#### Exercise directions:
Skip the pictures. Output only the lines below starting at the line with "Lade das Bild" and ending at the line with "Bright 2Br Luxury", both ends included, exactly as they are.

────────────────────

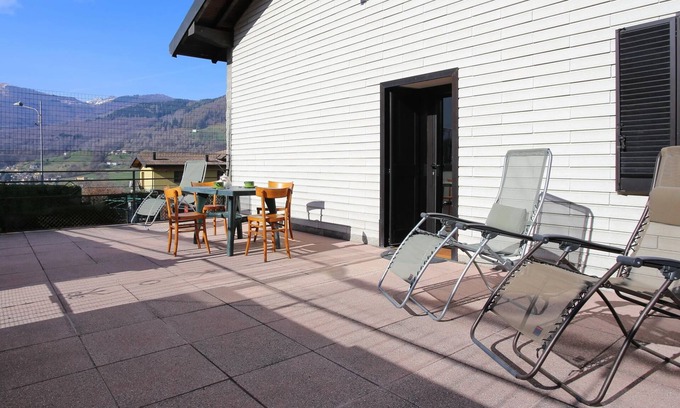 Centro Valle Intelvi Apartment | Piazza 25 Aprile in San Fedele Intelvi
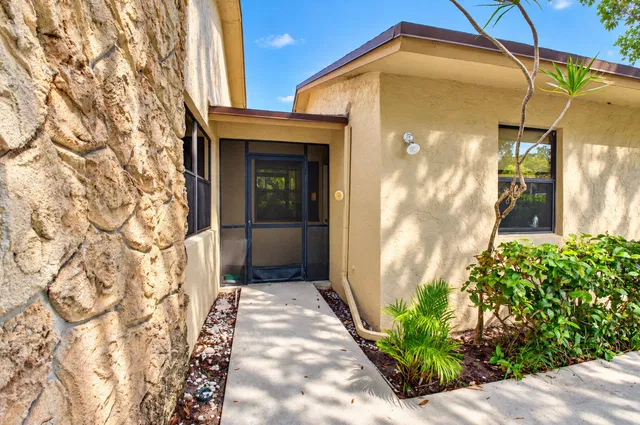 Residence photo 4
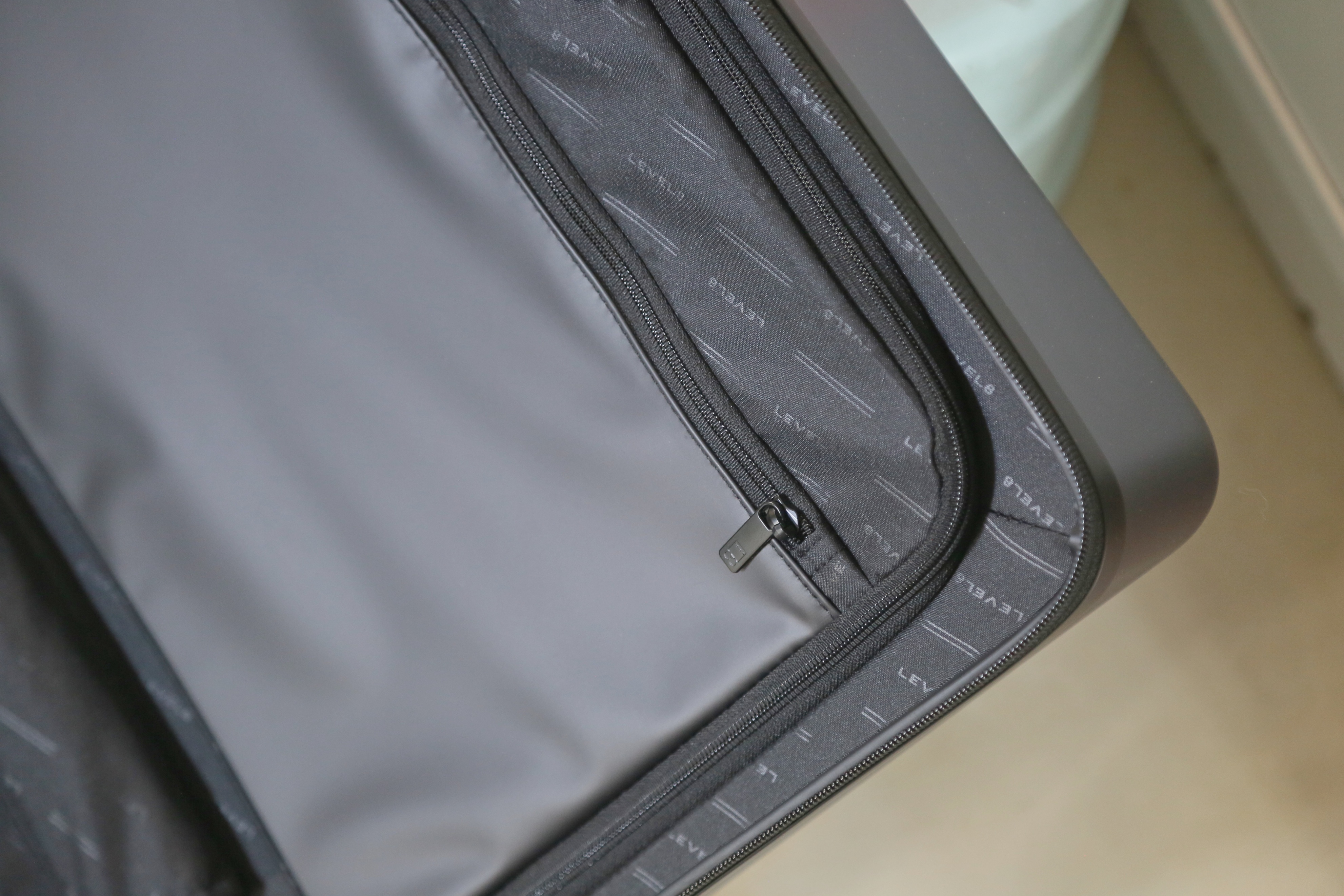 地平线8号行李箱和小米90分旅行箱,行李箱高颜值容量大地平线8号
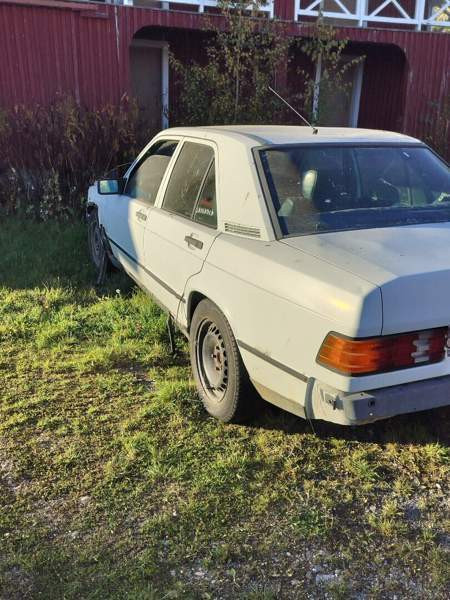 Mercedes-Benz 190 Lieksa - photo 7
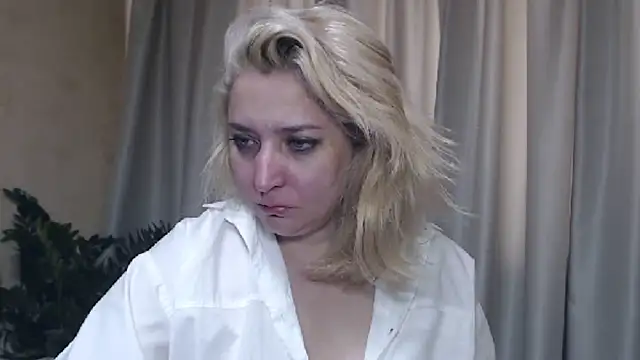 Snapshot of sweetpussy13 chatting on September 14, 2025, 6:01 am sweetpussy13 online show from September 14, 2025, 6:01 am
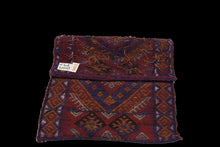 Lade das Bild in den Galerie-Viewer, Authentic original hand knotted Kilim / kelem / Cicim 77x55 CM
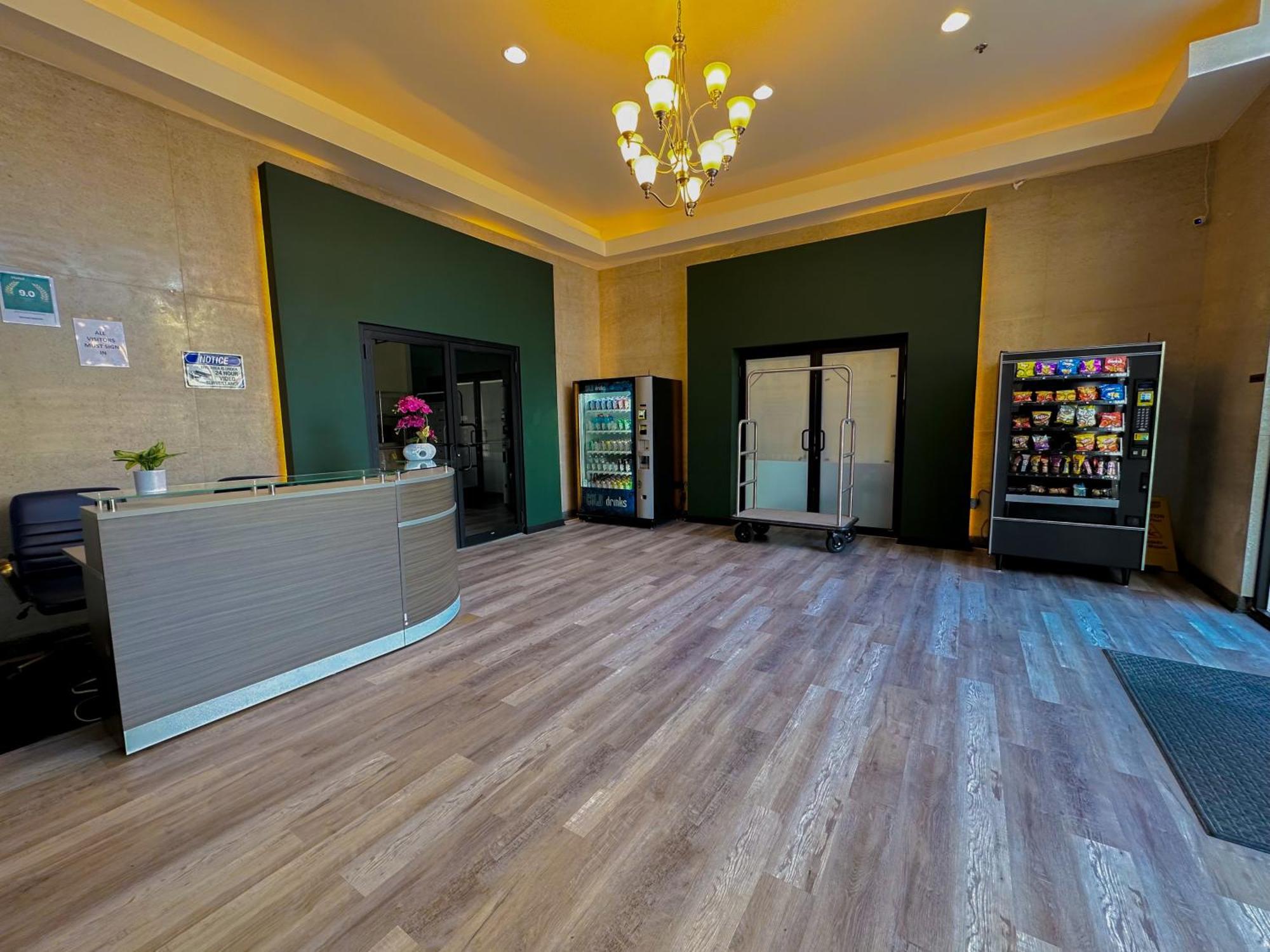 Bright 2Br Luxury Corner Suite With Optional Parking Sleeps 6 Guests Near Mccormick Place And Soldier Field 시카고 외부 사진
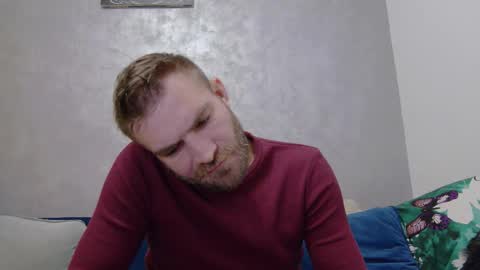 Snapshot of 10in_deluxe chatting on 12-22-25, 10:34 10in_deluxe online show from 12-22-25, 10:34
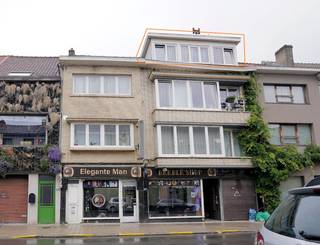 Wonen in deze gezellige straat met alle winkels, bussen en scholen ? Dat kan hier.<br />2 slaapkamers. Keuken en badkamer kan er nog door.<br />Vernieuwde ramen en CV-ketel.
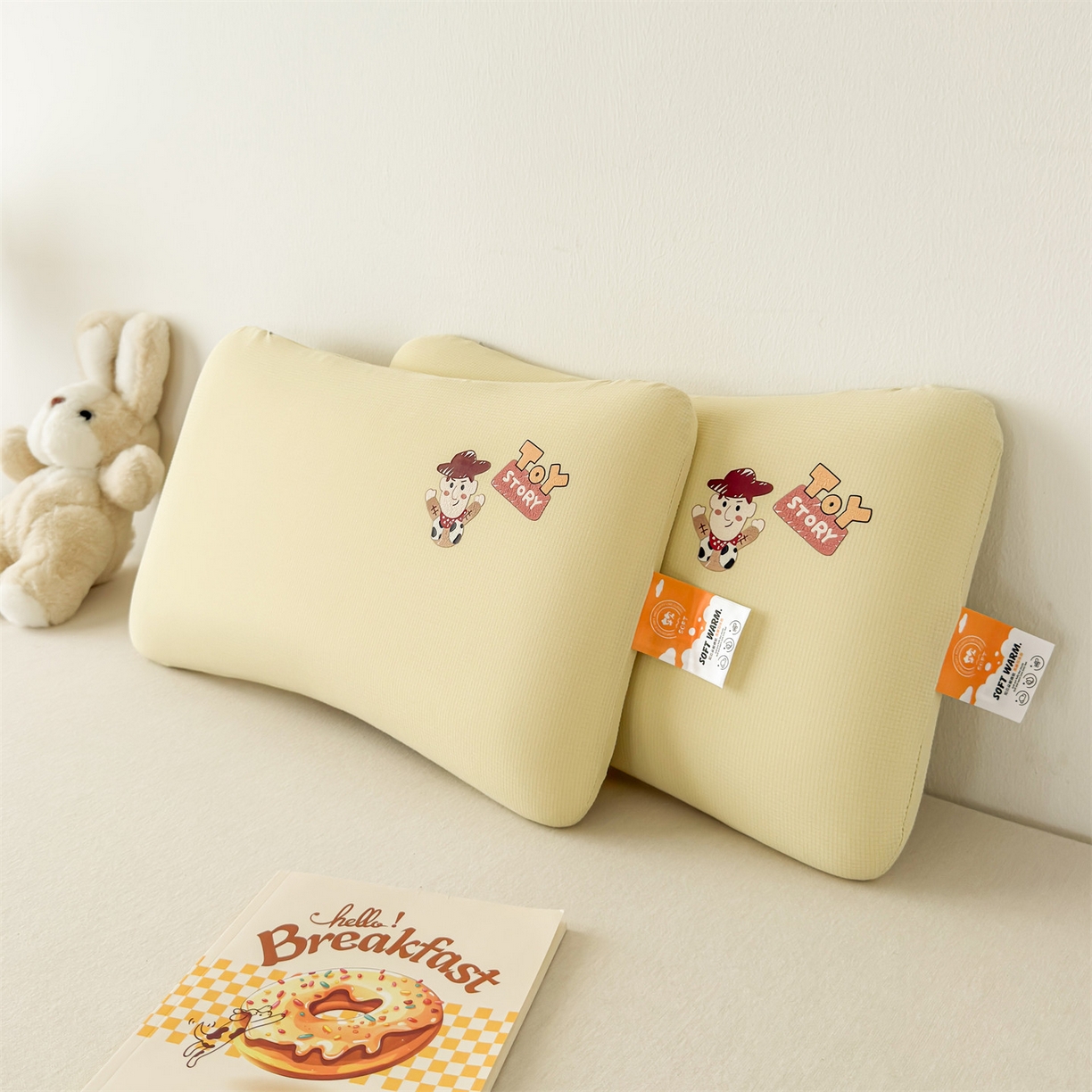 91家纺网 家纺一手货源 找家纺 麦肯锡 2025新款格纹烫画亲肤儿童记忆枕  枕头枕芯 黄色/只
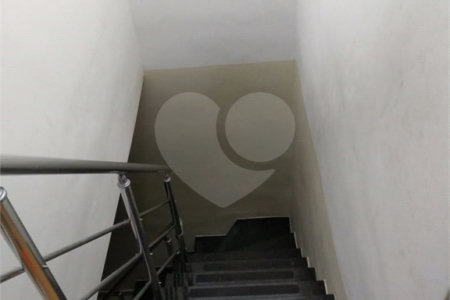 Sobrado à venda com 3 quartos, sendo 1 suíte, em Vila Santa Margarida, Ferraz de Vasconcelos, SP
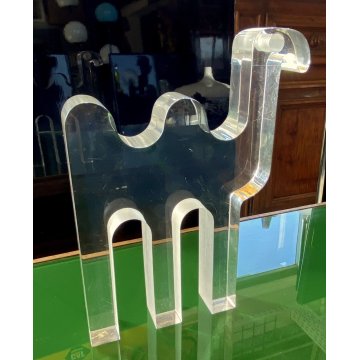 ICONICA SCULTURA in LUCITE CAMMELLO by SILVIO RUSSO per GUZZINI 1970 RARA PLEXI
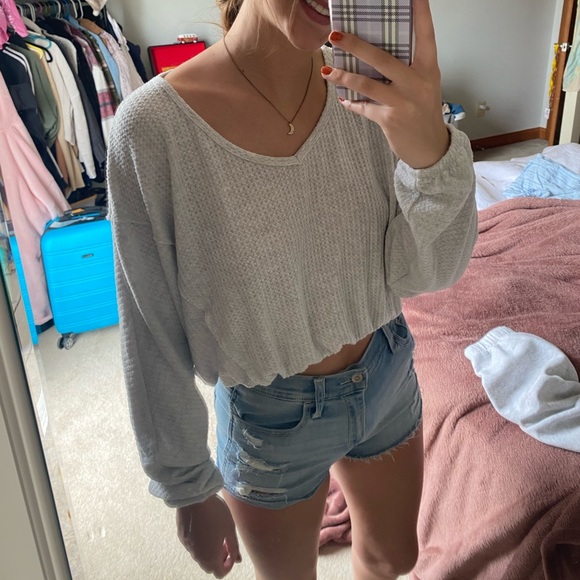 light grey oversized waffle knit crop sweater - Picture 2 of 2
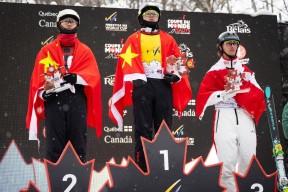 阿扎伦卡迎来二十赛季出色发挥，利物浦观众热烈欢呼！的简单介绍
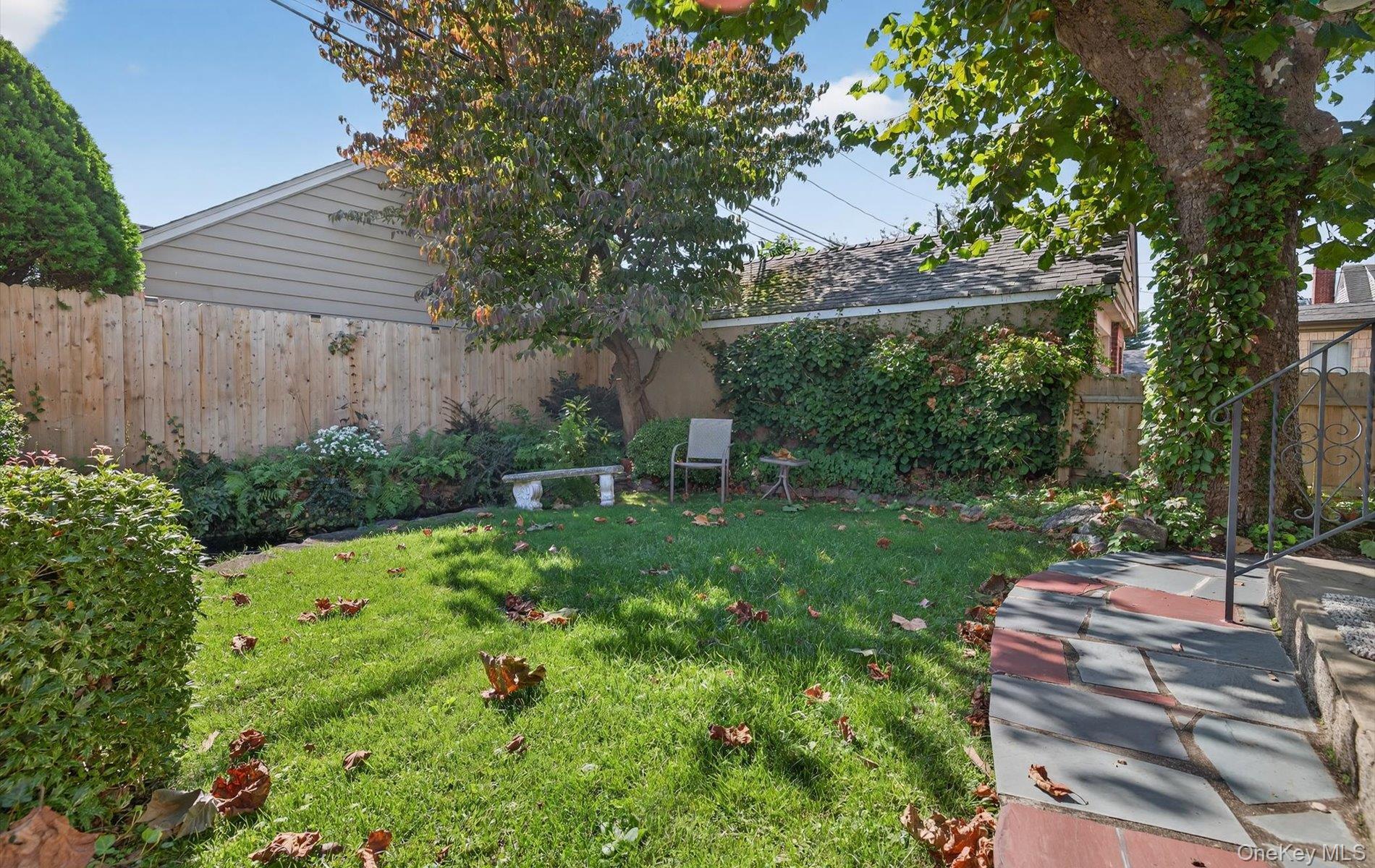 Single Family Brown  Nassau County, NY 11501, MLS-922557-25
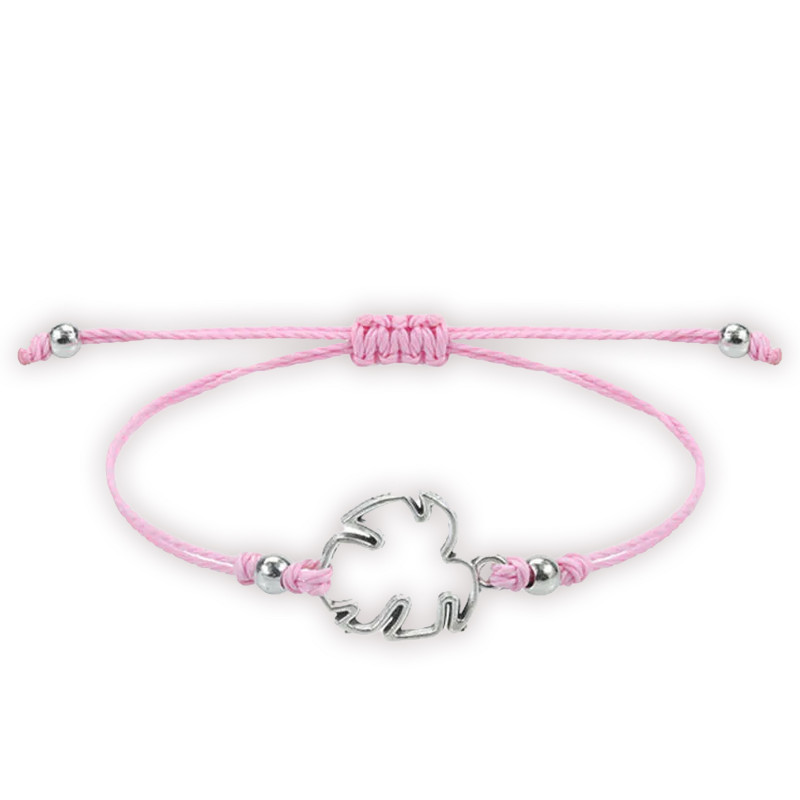 Bracciale regolabile con quadrifoglio portafortuna in filo rosa, dettaglio elegante e simbolico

────────────────────

#### Output for this task:
 Lade das Bild in den Galerie-Viewer, Authentic original hand knotted Kilim / kelem / Cicim 77x55 CM
 Bright 2Br Luxury Corner Suite With Optional Parking Sleeps 6 Guests Near Mccormick Place And Soldier Field 시카고 외부 사진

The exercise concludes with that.